Computing LD metrics

The -compute-ld-with option can be used to compute LD metrics between the genotype data and a seperate set of genotype contained in a second file. E.g.:

$ qctool -g example.bgen -s example.sample -compute-ld-with second.bgen second.sample -old sqlite://ld.sqlite:LD

For each biallelic variant in example.bgen, and each biallelic variant in second.bgen, QCTOOL constructs the pairwise table of non-missing genotypes, uses an EM algorithm to resolve phase of the double heterozygotes, and then outputs the frequency of each haplotype and the D' and r² statistics. (Multiallelic variants are currently not handled.)

Note: to compute LD, samples are matched between datasets using the primary ID (the first column in the sample files) by default. To alter this, use the -match-sample-ids option. This is described further on the page on merging datasets.

Note: Currently LD output is always to a sqlite database file. In the above command, results are placed in the file ld.sqlite and in a table called LD; a convenience view, called LDView is also constructed. The simplest way to view that data is to use the sqlite3 command-line client (which is already installed on most linux systems by default). E.g. the command:

$ sqlite3 -csv -header ld.sqlite "SELECT * FROM LDView LIMIT 10"

Will list the first ten LD records in CSV format. The file can equally be accessed programmatically, for example using the sqlite3 module in python, or the RSQLite package in R. We may add flat file support in future.

Controlling what is output

Pairwise LD computation can generate a massive amount of data. To reduce this the -min-r2 and -max-ld-distance options can be used, e.g.

$ qctool -g example.bgen -s example.sample -compute-ld-with second.bgen second.sample -old sqlite://ld.sqlite:LD -min-r2 0.05 -max-ld-distance 1Mb

will output results only for variants estimated to have r² > 0.05, and within a megabase of each other. For the latter option, you can also specify distances in base pairs (e.g. -max-ld-distance 1000), in kilobases (e.g. -max-ld-distance 1kb), or in megabases as in the example above.

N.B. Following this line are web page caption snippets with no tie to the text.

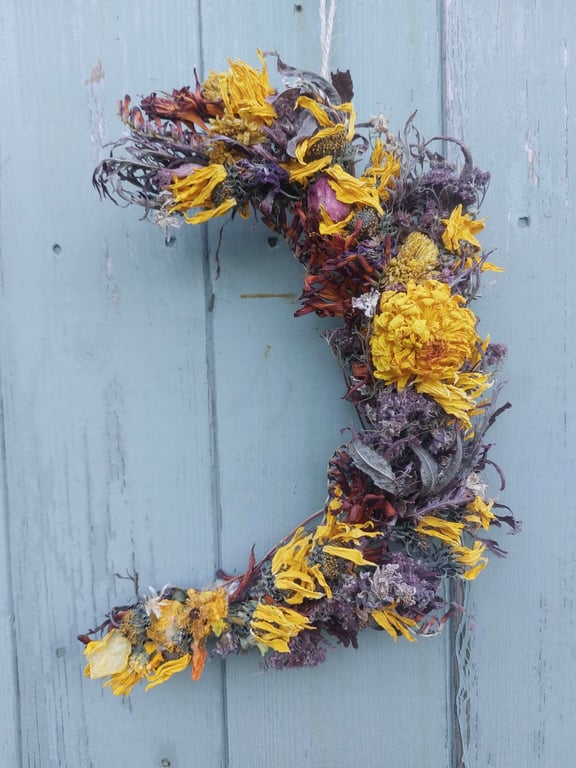 Dried Flower Crescent Moon Decoration 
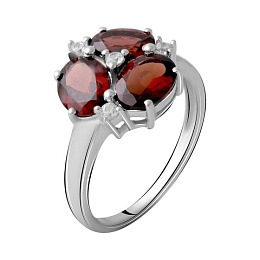 Серебряное кольцо с гранатом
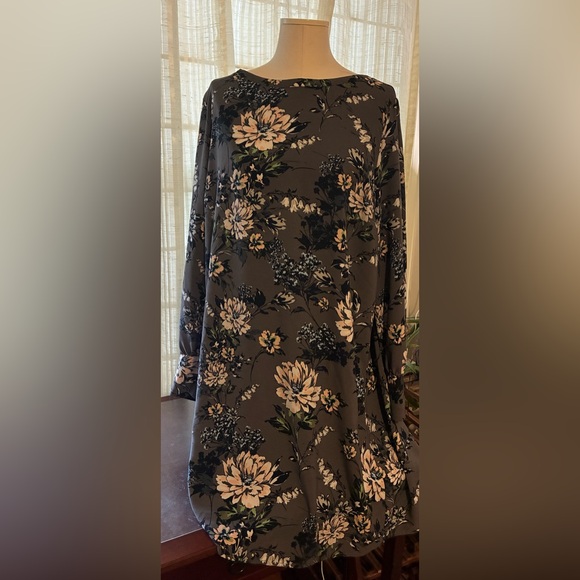 LOFT Outlet Dark Gray Floral Long Sleeve Dress - Picture 8 of 9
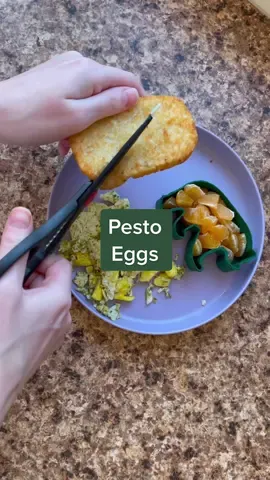 Reply to @amandatiffany1 🤍🤍🤍 Pesto Eggs for my 22 month old #momlife #toddlerbreakfast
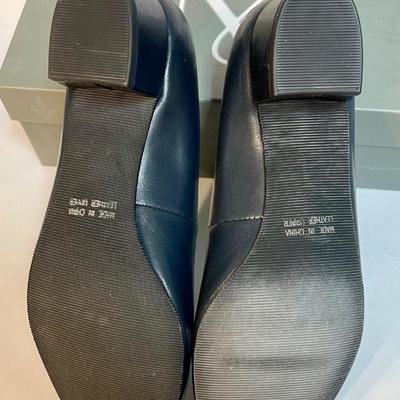 Women's Mark Lemp shoes New in box size 8.5 D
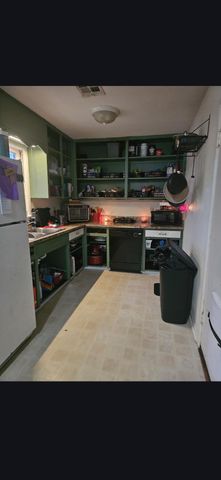 2009 B Street NE, Miami, OK 74354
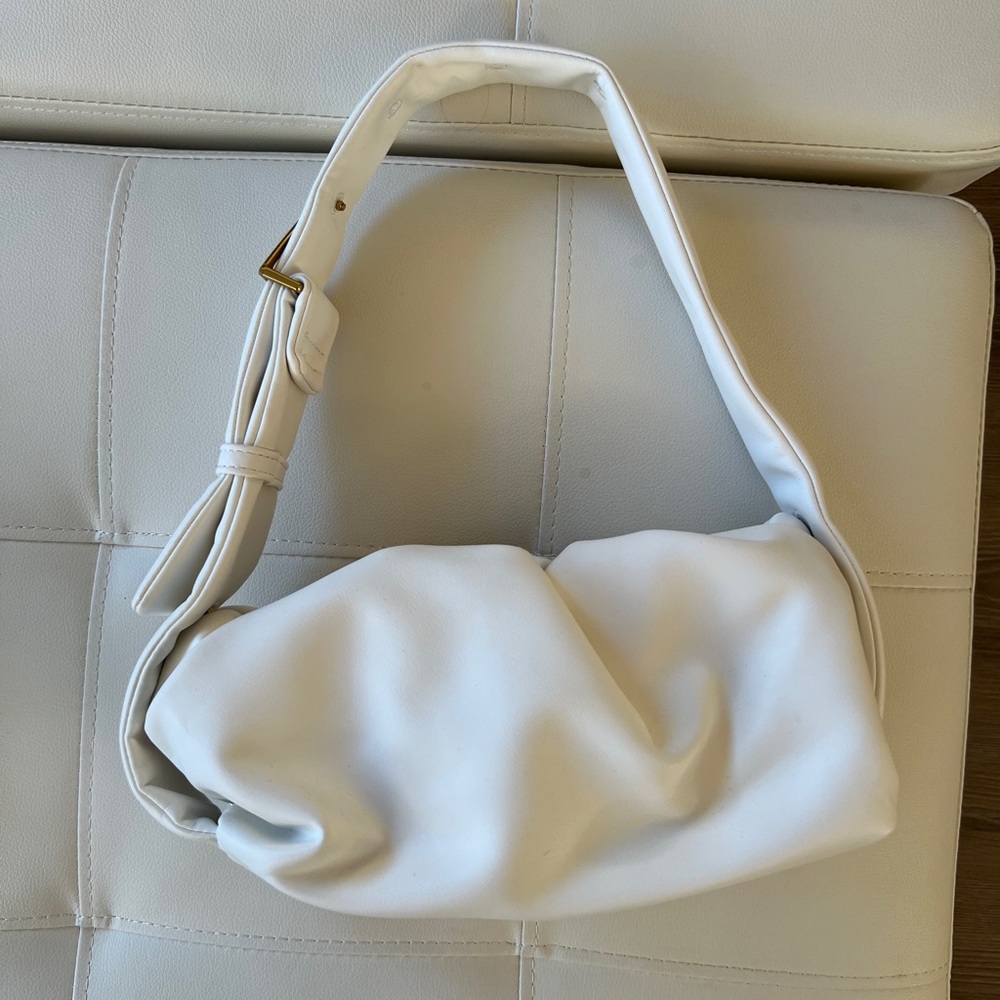 Shoulder bag with adjustable strap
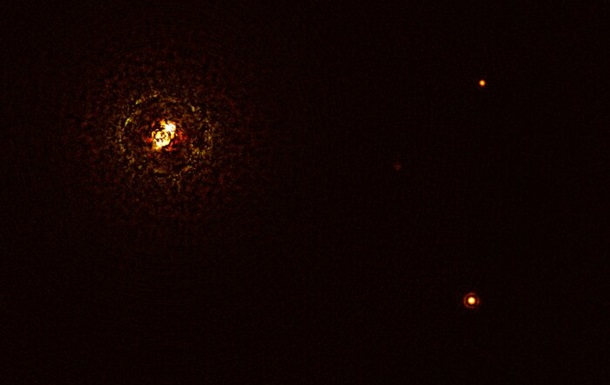 Астрономы обнаружили уникальный суперюпитер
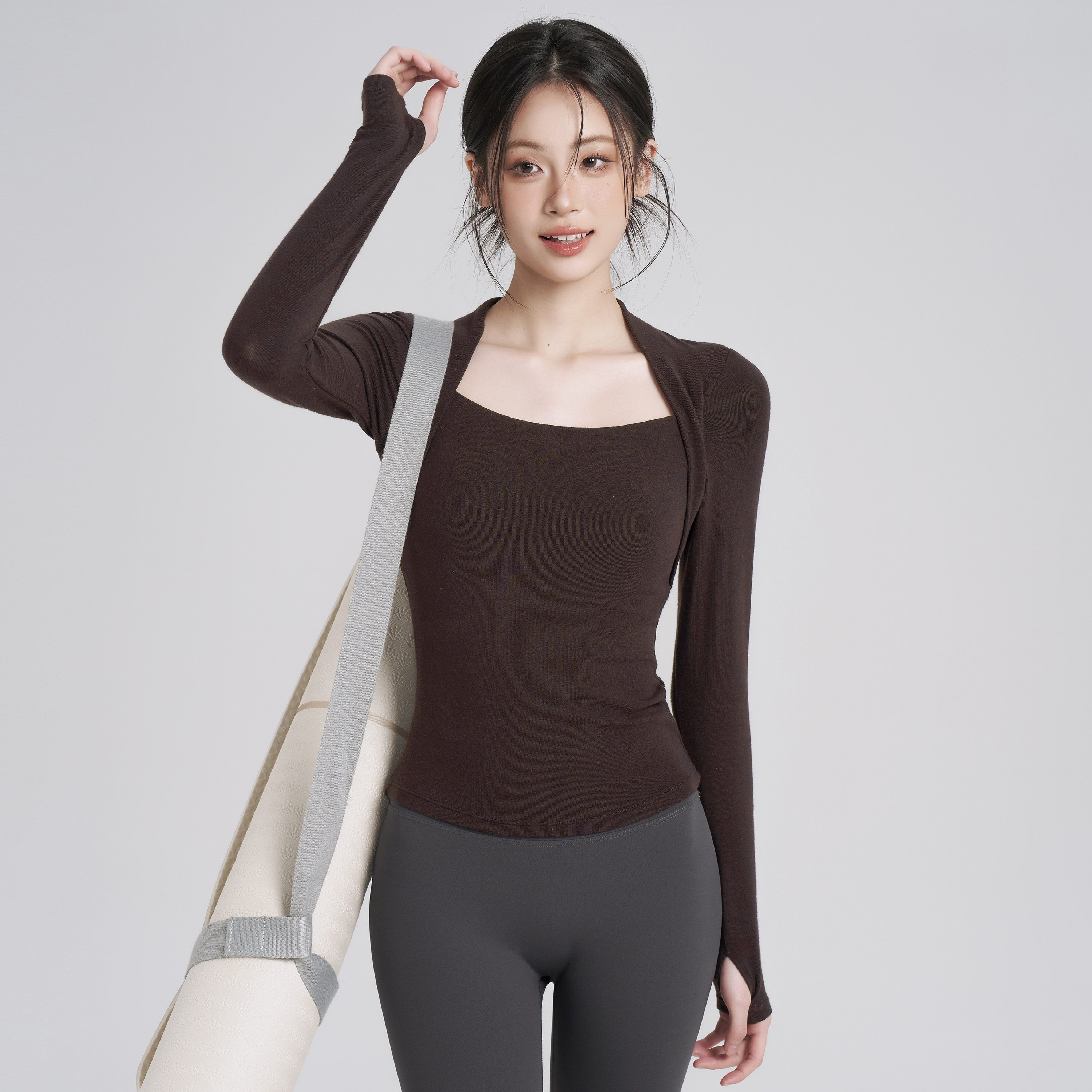 岚纹带胸垫健身服女紧身显瘦跑步运动长袖普拉提瑜伽上衣套装秋冬,淘宝优惠券,粉丝福利购,淘宝优惠卷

Adjusting the degree of shrinkage

QCTOOL outputs shrinkage estimates of LD by default. Specifically, haplotype frequencies are estimated under a Dirichlet(x,x,x,x) prior, with x=1.25 by default; roughly speaking this is equivalent to adding a quarter of an observation of each of the four haplotypes to the data. Intuitively this corresponds to weak prior assumptions that 1: both variants are polymorphic and 2: there is at least some recombination between them.

The -prior-ld-weight option can be used to adjust the strength of this prior, e.g. the command

$ qctool -g example.bgen -s example.sample -compute-ld-with second.bgen second.sample -old sqlite://ld.sqlite:LD -ld-prior-weight <w>

estimates LD under a Dirichlet(1+w/4,1+w/4,1+w/4,1+w/4) prior; setting w=0 removes the prior altogether.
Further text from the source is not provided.